Synthesis of ultra fine particles by plasma transferred arc: Influence of anode material on particle properties

Abstract There is a great deal of interest today in the special properties of nanoparticles and their potential applications. Gas-phase process, although having some drawbacks, has the largest control possibilities and is therefore the method chosen here. The size of the primary particles depends on the temperature/time history and material properties. Further growth of the particles strongly depends on the properties of the flow into which they are imbedded. In the current work, a transferred arc is used to produce nanometric particles from the condensation of metallic vapours obtained by controlled evaporation of the anode material, which becomes the solid precursor of the synthesis.

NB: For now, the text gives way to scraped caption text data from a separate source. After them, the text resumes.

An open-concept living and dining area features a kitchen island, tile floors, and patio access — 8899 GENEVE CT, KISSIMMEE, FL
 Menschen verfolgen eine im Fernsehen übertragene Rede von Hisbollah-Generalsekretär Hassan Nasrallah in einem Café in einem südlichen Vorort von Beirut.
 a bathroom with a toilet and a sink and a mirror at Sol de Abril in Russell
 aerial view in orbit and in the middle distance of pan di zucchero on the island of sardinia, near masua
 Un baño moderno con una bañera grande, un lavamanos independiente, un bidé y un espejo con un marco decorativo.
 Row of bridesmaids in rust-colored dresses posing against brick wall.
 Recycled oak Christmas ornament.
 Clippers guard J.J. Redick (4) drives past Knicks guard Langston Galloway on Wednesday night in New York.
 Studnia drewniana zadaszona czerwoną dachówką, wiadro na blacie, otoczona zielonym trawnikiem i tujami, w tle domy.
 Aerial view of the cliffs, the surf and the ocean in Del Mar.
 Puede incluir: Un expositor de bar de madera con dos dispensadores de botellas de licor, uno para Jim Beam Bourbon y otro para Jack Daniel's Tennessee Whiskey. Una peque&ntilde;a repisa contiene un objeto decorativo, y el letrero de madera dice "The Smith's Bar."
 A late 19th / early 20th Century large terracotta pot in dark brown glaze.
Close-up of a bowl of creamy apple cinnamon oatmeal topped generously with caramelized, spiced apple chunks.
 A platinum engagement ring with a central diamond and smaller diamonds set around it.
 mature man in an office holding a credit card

As all types of anode materials would be used, depending of the nature of the desired particles, this technique requires a good control of the heat transfer and its application time to a given anode location, as well as the separation of evaporation/ nucleation-growth steps. That is why a new and original experimental set-up was built in order to control vapour production and its thermal history. Experiments showed that the heat transfer at the anode precursor strongly depends on the cold boundary layer (CBL) properties close to the anode. For adequate parameters, it becomes possible to generate either diffuse or constricted stable arc root, and so to control vapour production. Orientation and so dissociation of evaporation and nucleation events is also achieved by tilting the angle between the jet issued from the cathode and the anode. The vapours produced are then naturally entrained towards a temperature controlled zone, where they are collected onto a water cooled substrate. It thus becomes possible to control the residence time and the thermal vapour history of the particles. Whereas aluminium oxide particles synthesized are clearly nanoparticle chain aggregates, iron oxides particles are spherical, in the micrometric range and no aggregates or agglomerates are visible. These experiments show that particle morphology, size and shape, for given working parameters, strongly depend on the properties of the material to be vaporized.